The three-year initiative, entitled “Words into Action to Address Anti-Semitism” is sponsored by the government of Germany, which chairs the OSCE, and was initiated by Germany’s parliament. The effort, which was announced on September 28, is being spearheaded by the body’s Office for Democratic Institutions and Human Rights (ODIHR) and its Director, former Bundestag Member Michael Link. The program will provide governments with tools to address Jewish community security, to promote education and awareness about anti-Semitism and to encourage diverse and inclusive coalitions against anti-Semitism.

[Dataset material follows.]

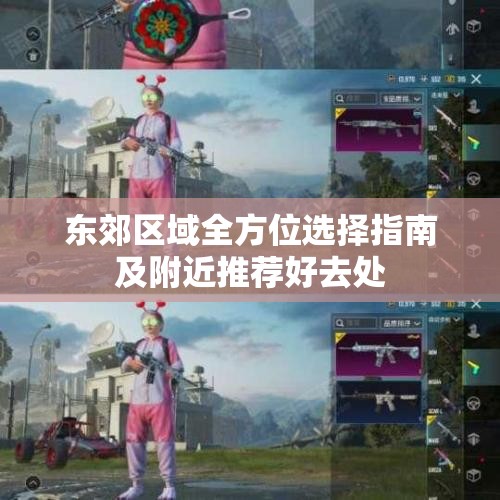 东郊区域全方位选择指南及附近推荐好去处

“The participating European and Eurasian states have recognized the serious threat posed by anti-Semitism and have made critical commitments to address this concerning issue,” said Jonathan A. Greenblatt, ADL CEO. “We commend the German government for challenging states to put their commitments into action and for funding and catalyzing this initiative.

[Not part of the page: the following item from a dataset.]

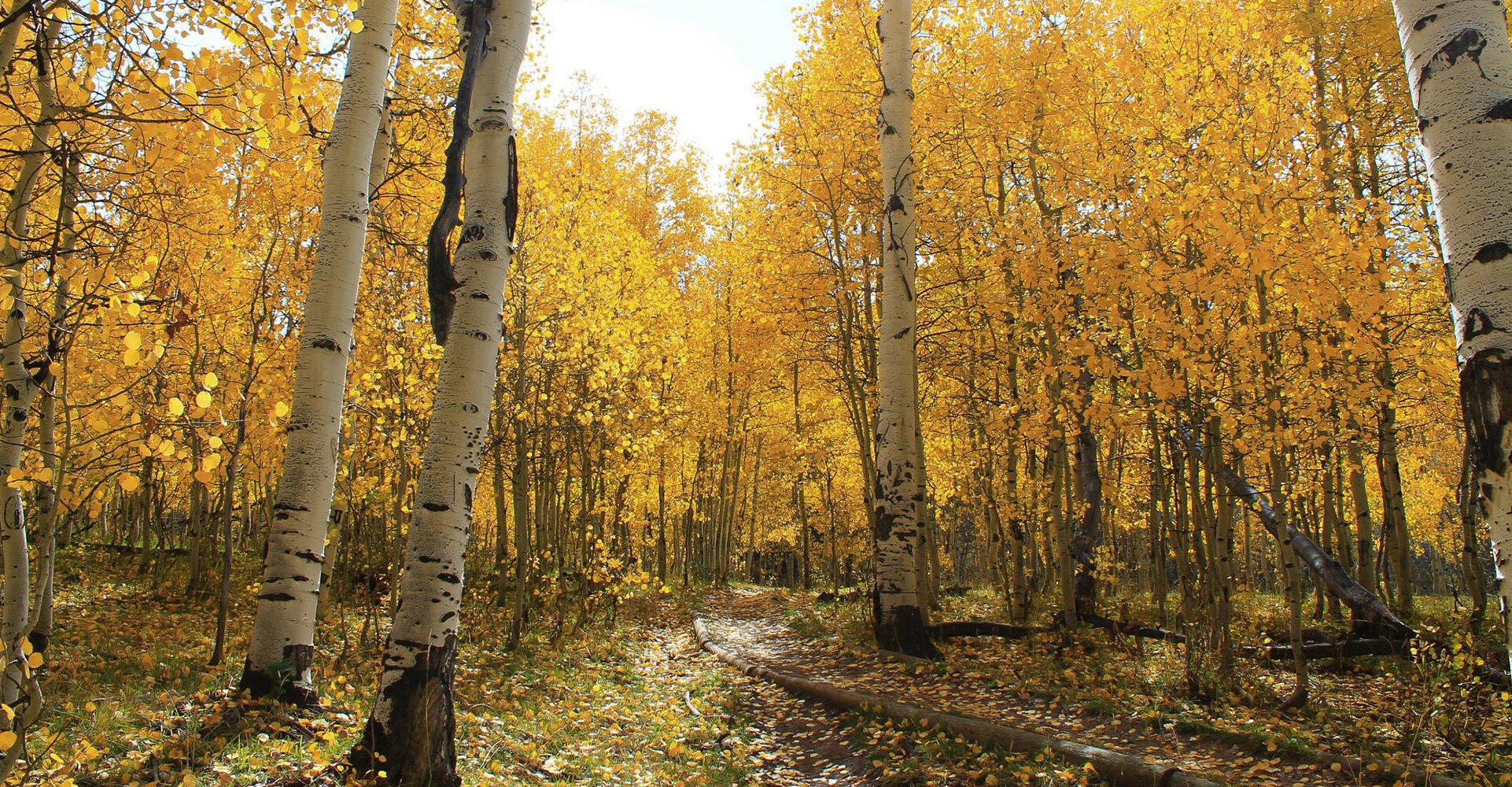 MoodBanner_FishCreekFalls.jpg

“Its strategic focus on both short term needs like Jewish communal security and longer term efforts like education and coalition building reflects a commitment to a sustained and serious effort to make an impact,” Mr. Greenblatt said.
When anti-Semitism first re-emerged in the early 2000’s, the OSCE was the first intergovernmental organization to mobilize a response and to recognize that anti-Israel animus can be a pretext for anti-Jewish animus. Since then the ODIHR has built a comprehensive toolkit to help governments to counter anti-Semitism, hate crime, and all forms of discrimination.
Earlier this week, ADL presented recommendations to the OSCE’s annual human rights conference on advancing the security and dignity of targets of anti-Semitism and hate crimes.
In 2014, ADL conducted an unprecedented worldwide survey on anti-Semitism which found that anti-Semitic attitudes are persistent and pervasive around the world. In the aftermath of the shocking violence against Jews in Western Europe in 2015, the level of anti-Semitic attitudes among the general population in France showed a dramatic decline, while Germany and Belgium registered significant reductions, according the League’s follow-up poll in 2015.